The action-plan has been required by the Financial Action Task Force (FATF) of the G7, which this summer placed Malta on its ‘grey-list’ of untrustworthy financial jurisdictions.
An FATF evaluation of Malta’s financial compliance frameworks ranked Malta in the bottom tier of nations managing oversight of corporate tax evasion, terrorist financing and the monitoring of cross border cash payments.
The dire evaluation further pin-pointed multiple AML and compliance flaws by Maltese regulatory authorities lambasted for their poor accountability of registered businesses and auditing of data, impeding international authorities from undertaking money laundering investigations.
Compounding the embarrassment to its reputation, Malta would register as the first EU member state to be placed on the FATF grey-list, joining the low ranks of South Sudan, Haiti, Panama and Zimbabwe.
The action plan drafted by Alfred Camilleri, Malta’s permanent Finance Secretary, outlines the necessary commitments Malta will undertake to strengthen its compliance frameworks.
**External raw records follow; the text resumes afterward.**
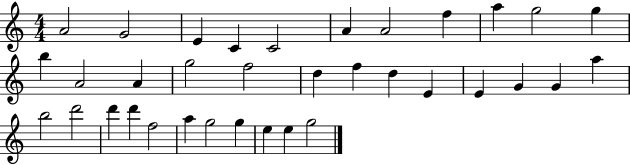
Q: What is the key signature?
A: C major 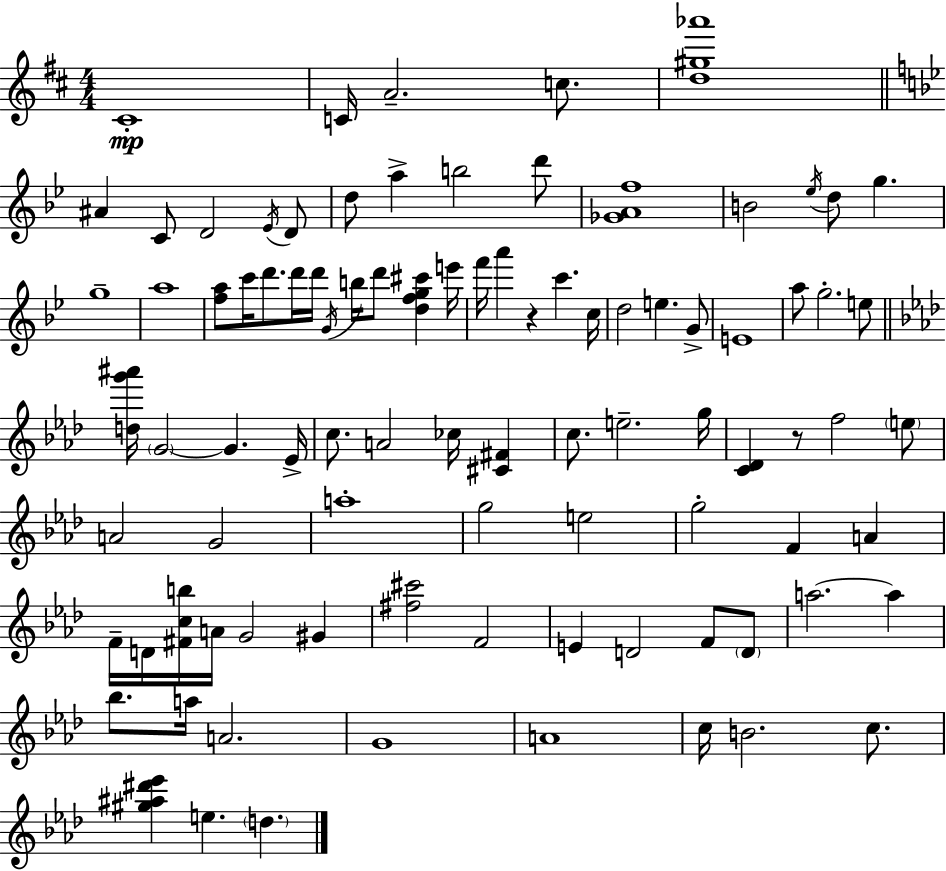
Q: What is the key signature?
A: D major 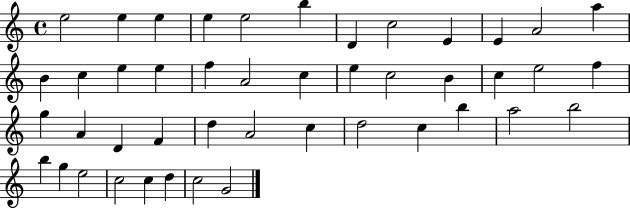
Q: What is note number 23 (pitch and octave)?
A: C5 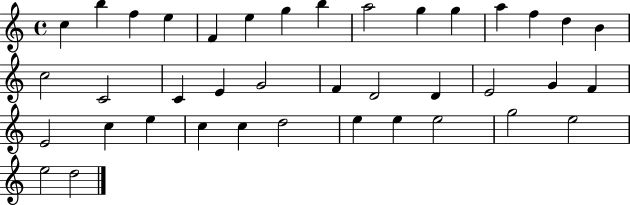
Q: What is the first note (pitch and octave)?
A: C5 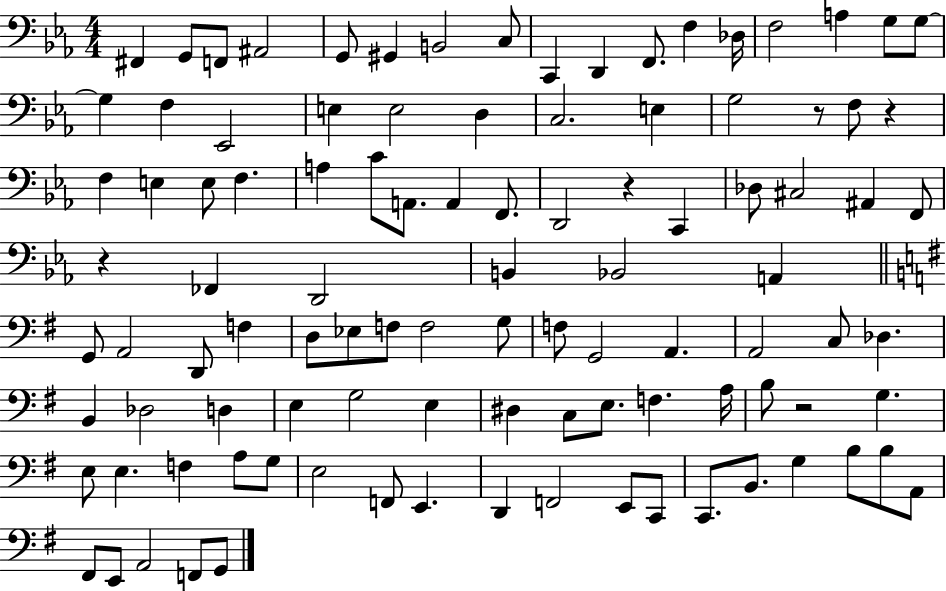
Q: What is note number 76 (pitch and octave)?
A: E3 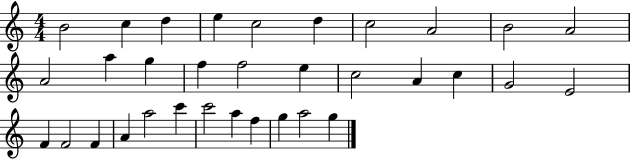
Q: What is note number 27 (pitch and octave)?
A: C6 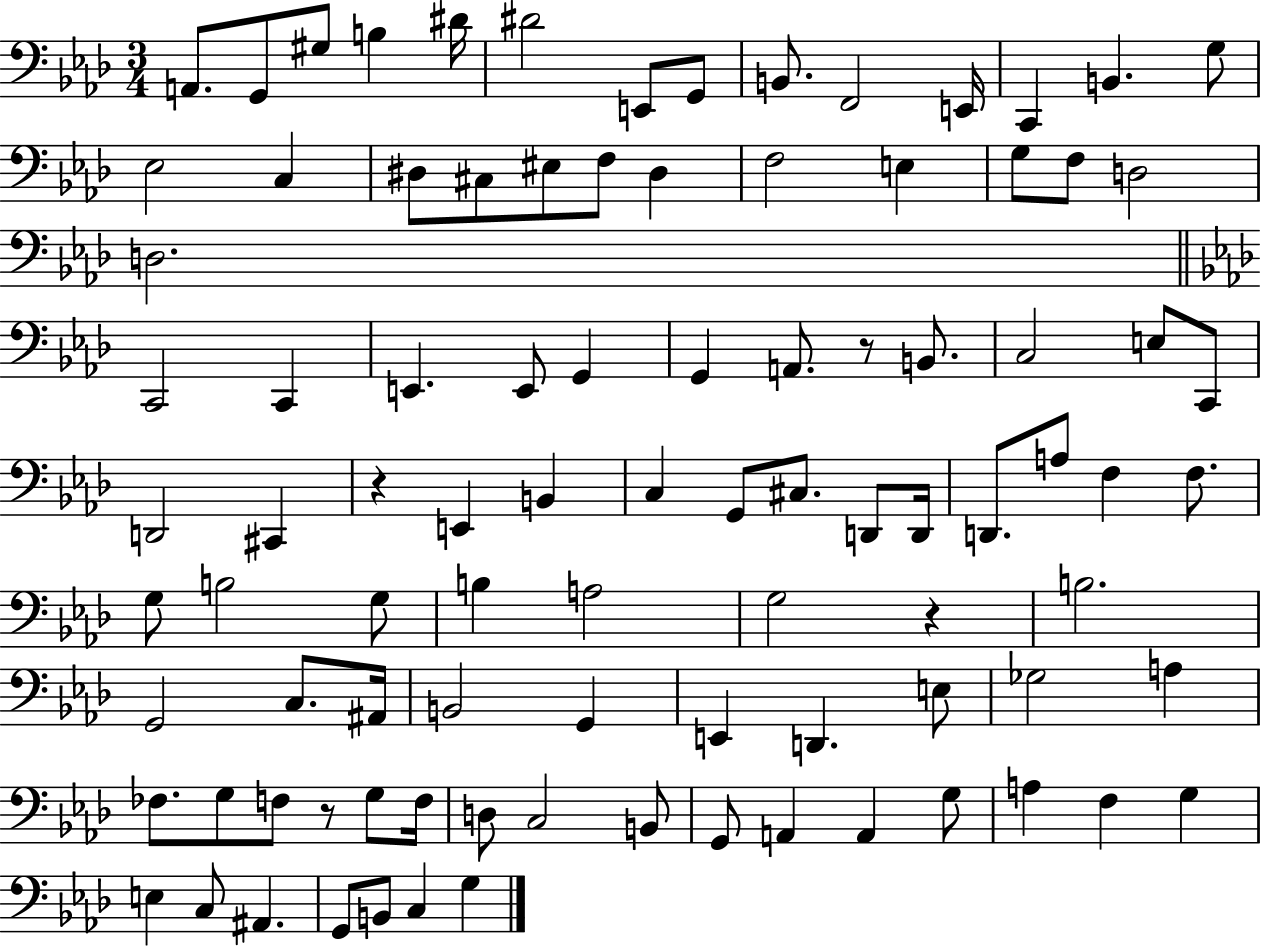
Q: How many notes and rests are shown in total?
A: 94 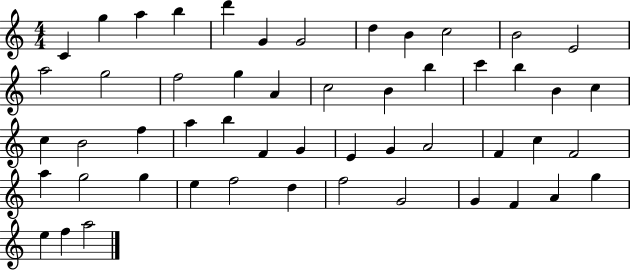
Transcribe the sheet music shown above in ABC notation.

X:1
T:Untitled
M:4/4
L:1/4
K:C
C g a b d' G G2 d B c2 B2 E2 a2 g2 f2 g A c2 B b c' b B c c B2 f a b F G E G A2 F c F2 a g2 g e f2 d f2 G2 G F A g e f a2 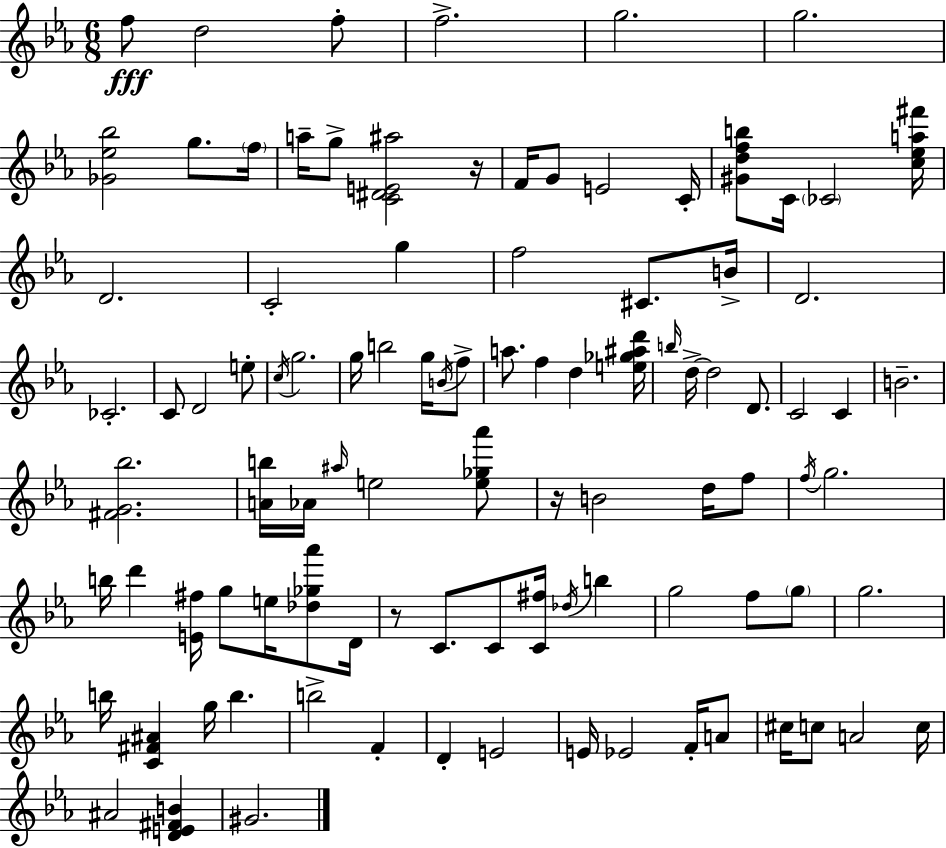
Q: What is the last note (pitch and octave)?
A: G#4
The changes have been marked as a priority by Prime Minister Robert Abela, who has vowed that Malta will be removed from the FAFT grey-list by 2023 – Yet the government did not present a timeline to implement actions.
Key directives cite that registered companies must showcase transparent ownership of business and assets. Companies or management that do not comply with orders will be sanctioned.
The action plan has called for an overhaul of Malta’s Financial Intelligence Analysis Unit (FIAU) which should be transformed to support authorities investigating money laundering and tax evasion breaches.
Malta’s Labour Party has vowed to give police and tax authorities greater powers to inspect foreign-owned companies
Despite the government’s intentions to strengthen compliance frameworks, critics state that any meaningful change will be limited unless the government is prepared to change Malta’s existing business laws and taxation policies through Parliamentary order.
Questions arise whether any Maltese government holds the nerve to revise, year-on-yea of approved tax incentives, relief schemes and corporate loopholes that have seen a surge in international businesses register in Malta to the benefit of its economy.
In a statement to Malta’s igaming community, Carl Brincat Chief Executive of Malta Gaming Authority (MGA) stated that work had begun to implement necessary changes that will be to relayed to licensed igaming businesses.
“We understand that the greylisting of Malta as a jurisdiction may trigger a re-assessment of the risk posed by Malta-based entities by several stakeholders, such as international banks, and therefore our licensees may be faced with additional queries and requests for information by international partners.” Brincat remarked.
“We are in fact prioritising outreach to the most relevant stakeholders in order to explain, through ever-increasing transparency, that the shortcomings identified in Malta’s regard do not relate to the gaming sector in any way and should therefore, in practice, not alter the manner in which these international stakeholders perceive and relate to our licensees.”